There was a problem hiding this comment.
Coming back to this, would it make sense to have an update_pool method or similar? That could have some additional logic to prevent multiple pools etc.
There was a problem hiding this comment.
Here's an example of what I had in mind: https://github.com/mj-will/aspire-bilby/blob/main/src/aspire_bilby/plugin.py#L199
self.pool is used in to create the likelihood function for aspire.
Looking at this now, since it happens in run_sampler perhaps this isn't actually an issue in this specific case. What do you think?
| npool=None, | ||
| pool=None, | ||
| parameters=None, | ||
| ): |
There was a problem hiding this comment.
I think this would benefit from a doc-string with example usage.
ColmTalbot
left a comment
There was a problem hiding this comment.
I don't remember exactly what the behaviour for some of these questions is, so I'll go back and check, and ideally write docstrings about them.
| parameters=priors.sample(), | ||
| ) as _pool: | ||
| start_time = datetime.datetime.now() | ||
| sampler.pool = _pool |
There was a problem hiding this comment.
I'm trying to work through what this would look like.
If the initial input pool is not None, all of the pool objects reference here should be the same, so I don't think that will make a difference.
One potential issue is that if a specific sampler implementation handles the pool internally by itself this will create two pools and then in the best case, we have a bunch of extra processes we don't need. I think this is what nessai does, so maybe we should game through that specific case.
mj-will
left a comment
There was a problem hiding this comment.
Forgot to submit my comments as a review, but see them above.
|
|
||
| _pool = multiprocessing.Pool( | ||
| processes=npool, | ||
| initializer=_initialize_global_variables, |
There was a problem hiding this comment.
I think it would be useful to allow users to specify their own (additional) initializer.
For nessai, there's another variable that needs to be global for the pool to work and that can't be intialized unless using the fork start method.

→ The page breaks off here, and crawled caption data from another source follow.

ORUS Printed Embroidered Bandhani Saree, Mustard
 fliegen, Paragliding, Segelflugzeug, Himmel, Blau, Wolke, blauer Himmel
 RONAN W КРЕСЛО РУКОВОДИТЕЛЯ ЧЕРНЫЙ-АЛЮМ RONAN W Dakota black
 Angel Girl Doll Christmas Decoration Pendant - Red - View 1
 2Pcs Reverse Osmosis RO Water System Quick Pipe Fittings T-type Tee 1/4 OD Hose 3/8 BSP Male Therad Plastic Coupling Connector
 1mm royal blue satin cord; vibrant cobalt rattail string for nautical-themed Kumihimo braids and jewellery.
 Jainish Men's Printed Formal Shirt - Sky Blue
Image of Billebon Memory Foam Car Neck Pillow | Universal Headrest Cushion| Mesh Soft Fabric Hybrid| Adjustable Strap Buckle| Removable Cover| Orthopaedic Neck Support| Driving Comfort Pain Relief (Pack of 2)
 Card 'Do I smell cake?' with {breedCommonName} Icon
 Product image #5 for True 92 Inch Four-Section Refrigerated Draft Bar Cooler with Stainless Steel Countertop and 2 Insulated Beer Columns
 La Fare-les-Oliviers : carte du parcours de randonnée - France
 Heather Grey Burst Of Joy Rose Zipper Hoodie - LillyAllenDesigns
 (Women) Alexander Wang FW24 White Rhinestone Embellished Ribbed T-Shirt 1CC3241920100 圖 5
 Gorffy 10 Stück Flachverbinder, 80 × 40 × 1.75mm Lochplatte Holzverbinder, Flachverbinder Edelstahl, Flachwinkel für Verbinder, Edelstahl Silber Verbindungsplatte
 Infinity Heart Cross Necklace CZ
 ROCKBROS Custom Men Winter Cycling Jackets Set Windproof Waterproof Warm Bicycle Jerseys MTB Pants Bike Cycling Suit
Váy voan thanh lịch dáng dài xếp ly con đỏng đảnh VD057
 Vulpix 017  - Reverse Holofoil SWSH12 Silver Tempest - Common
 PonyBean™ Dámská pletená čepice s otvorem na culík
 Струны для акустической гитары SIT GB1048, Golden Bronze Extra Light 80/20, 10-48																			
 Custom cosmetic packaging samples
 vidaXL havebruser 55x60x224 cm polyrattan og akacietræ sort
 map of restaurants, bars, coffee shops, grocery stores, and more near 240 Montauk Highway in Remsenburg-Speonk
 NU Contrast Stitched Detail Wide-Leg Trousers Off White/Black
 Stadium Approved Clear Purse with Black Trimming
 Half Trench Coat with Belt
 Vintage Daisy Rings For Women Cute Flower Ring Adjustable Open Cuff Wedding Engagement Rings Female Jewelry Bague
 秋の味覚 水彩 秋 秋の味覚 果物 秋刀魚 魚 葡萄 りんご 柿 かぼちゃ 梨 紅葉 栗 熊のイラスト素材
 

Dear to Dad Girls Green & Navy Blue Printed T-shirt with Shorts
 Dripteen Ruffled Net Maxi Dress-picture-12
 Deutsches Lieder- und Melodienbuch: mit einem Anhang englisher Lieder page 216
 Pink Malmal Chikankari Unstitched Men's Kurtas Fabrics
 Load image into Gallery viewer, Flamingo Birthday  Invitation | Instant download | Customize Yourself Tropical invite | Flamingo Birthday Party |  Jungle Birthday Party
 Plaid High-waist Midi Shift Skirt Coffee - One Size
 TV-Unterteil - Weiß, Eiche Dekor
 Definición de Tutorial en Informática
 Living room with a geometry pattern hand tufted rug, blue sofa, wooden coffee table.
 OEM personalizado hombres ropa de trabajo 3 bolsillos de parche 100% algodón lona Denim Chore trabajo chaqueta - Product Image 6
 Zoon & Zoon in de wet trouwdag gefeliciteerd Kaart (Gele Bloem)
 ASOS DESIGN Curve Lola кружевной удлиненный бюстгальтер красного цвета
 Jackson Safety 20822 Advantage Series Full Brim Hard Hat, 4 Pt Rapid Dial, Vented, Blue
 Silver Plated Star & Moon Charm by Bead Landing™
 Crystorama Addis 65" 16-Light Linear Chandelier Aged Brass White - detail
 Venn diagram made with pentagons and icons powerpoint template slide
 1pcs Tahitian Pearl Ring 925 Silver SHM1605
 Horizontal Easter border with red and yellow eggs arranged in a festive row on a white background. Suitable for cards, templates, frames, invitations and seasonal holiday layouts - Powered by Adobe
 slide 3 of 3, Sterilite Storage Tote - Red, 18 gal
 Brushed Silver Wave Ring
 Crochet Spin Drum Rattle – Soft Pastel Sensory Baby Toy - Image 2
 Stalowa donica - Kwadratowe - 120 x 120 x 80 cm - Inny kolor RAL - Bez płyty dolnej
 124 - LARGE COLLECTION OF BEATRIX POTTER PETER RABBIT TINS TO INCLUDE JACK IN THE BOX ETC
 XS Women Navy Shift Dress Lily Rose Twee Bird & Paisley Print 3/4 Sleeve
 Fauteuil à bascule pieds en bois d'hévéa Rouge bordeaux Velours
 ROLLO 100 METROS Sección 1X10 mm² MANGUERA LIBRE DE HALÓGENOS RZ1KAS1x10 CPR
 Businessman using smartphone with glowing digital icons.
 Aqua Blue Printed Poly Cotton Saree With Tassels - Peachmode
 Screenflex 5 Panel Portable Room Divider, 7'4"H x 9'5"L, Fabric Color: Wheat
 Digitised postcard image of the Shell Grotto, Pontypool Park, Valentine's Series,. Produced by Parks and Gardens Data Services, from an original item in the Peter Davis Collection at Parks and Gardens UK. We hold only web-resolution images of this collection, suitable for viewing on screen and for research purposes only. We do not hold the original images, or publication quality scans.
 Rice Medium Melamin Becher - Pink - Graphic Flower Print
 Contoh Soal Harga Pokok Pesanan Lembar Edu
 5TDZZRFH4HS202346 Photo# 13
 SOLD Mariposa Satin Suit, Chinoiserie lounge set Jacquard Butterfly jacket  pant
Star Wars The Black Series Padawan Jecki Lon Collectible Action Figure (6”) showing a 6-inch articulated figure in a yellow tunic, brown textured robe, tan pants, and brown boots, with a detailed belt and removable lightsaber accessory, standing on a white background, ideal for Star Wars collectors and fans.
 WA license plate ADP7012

There was a problem hiding this comment.
Does this mean that we would also need to be able to allow users to pass through arbitrary additional arguments. At that stage, is it easier to just describe how to implement an independent version?
There was a problem hiding this comment.
Yes, that's true.
Here's what I had to do for nessai:
- https://github.com/bilby-dev/nessai-bilby/blob/main/src/nessai_bilby/plugin.py#L29
- https://github.com/bilby-dev/nessai-bilby/blob/main/src/nessai_bilby/plugin.py#L362
It works fine but since it duplicates so much of the code, it needs to be kept up-to-date with the main code base.
adivijaykumar
left a comment
There was a problem hiding this comment.
Can we add a test for schwimmbad/MPI support?
|
We should documentation for user pools and note that the pool will only work correctly in the initializer has been called. |
I noticed that it was difficult to pass a user-specified pool through run_sampler, and it isn't used at all in the post processing. This PR:
with multiprocessing.pool()...)Sampler._setup_poolandSampler._close_poolparallel_bilbymoot.